New Deadline – bYou conference ‘Children, young people and the media: (un)connected lives?’ with open call for papers

Until September 30 October 10, the bYou project is accepting proposals for papers for the congress it is organising between February 7 and 8, 2025, at the University of Minho in Braga. All abstracts will be subject to blind peer review and the results of the evaluation will be known by 31 October this year. Paper proposals should be submitted using the form available on the congress website.

Based on the motto ‘Children, young people and the media: (un)connected lives?’, the bYou project congress has the following call for papers:

14 hours and 30 minutes is the average amount of time that 1131 children and young people from 26 school groups in Portugal, aged between 11 and 19, say they spend on media-related activities on a ‘normal’ weekday, with a significant proportion of this sample recognising their dependence on mobile phones. These are the figures obtained by the bYou project – Study of young people’s experiences and expressions of the media, funded by the FCT. While media consumption points to lives connected to screens, the dimension of expression and participation points to a more disconnected and less involved public. It is on the basis of this data that we launched the motto for the byou Congress: ‘children, young people and the media: (dis)connected lives?’. Taking the results obtained as a starting point, we want to understand how their daily lives are woven with the media; analyse their practices of expression and participation; and identify the issues that connect and disconnect them from screens and the world. In line with what French philosopher Paul Virilio (2020) says, this Congress will be an opportunity to debate whether ‘we are no longer looking at the stars, but at the screens’.

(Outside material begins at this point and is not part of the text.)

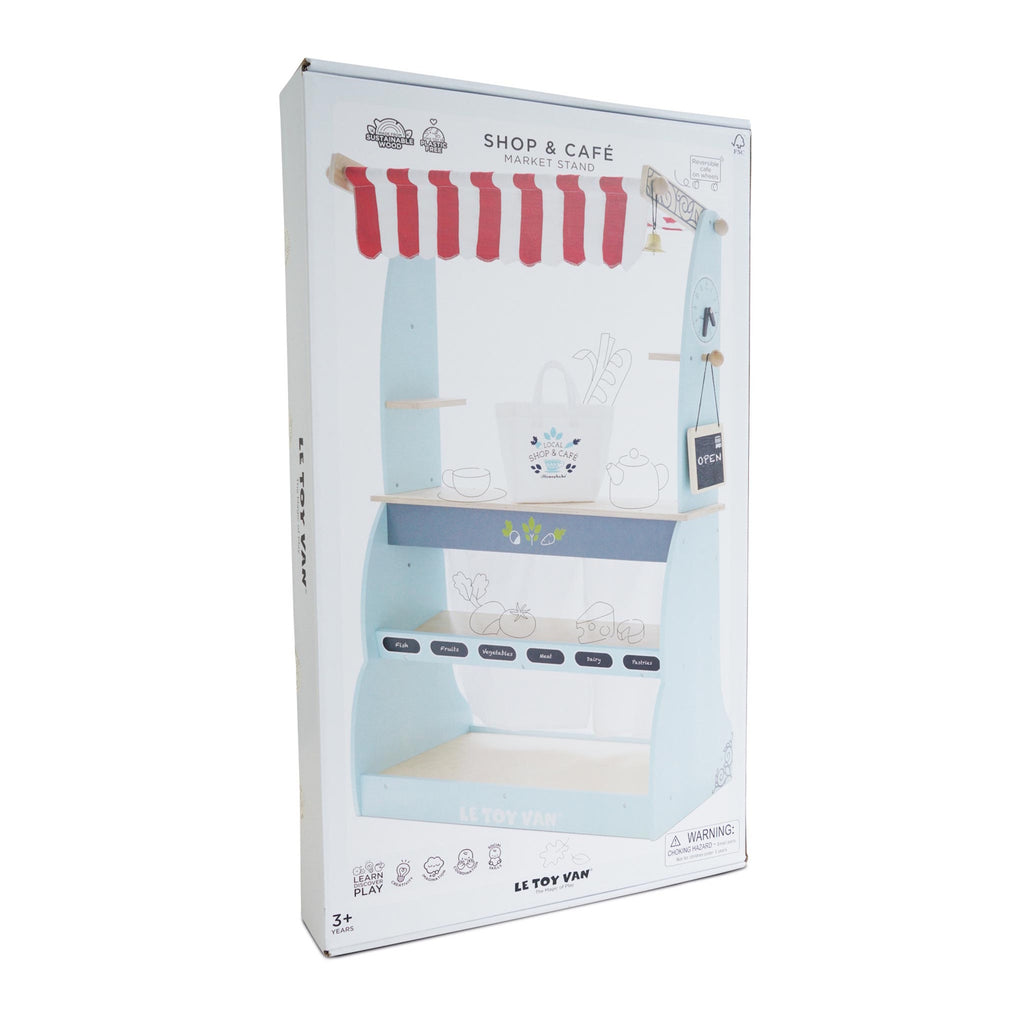 Box for Le Toy Van's "Shop & Café Market Stand" shows a toy store setup with a red-striped awning. Illustrated graphics suggest playful shopping.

The bYou Congress accepts proposals that discuss the results of studies or pedagogical practices involving the media, children and young people up to the age of 18, around the following themes:

  • Media practices (Internet, social networks, cinema and audiovisuals, consumption of information and news…);
  • The role and importance of the media in everyday life;
  • Well-being and the media;
  • Children’s rights and the media;
  • Participation and expression in and through the media;
  • Creation and production about, with and for children and young people;
  • Media productions for children and young people;
  • School media;
  • Media literacy;
  • Research methodologies with children and young people;
  • Other topics that are relevant to the theme of the congress.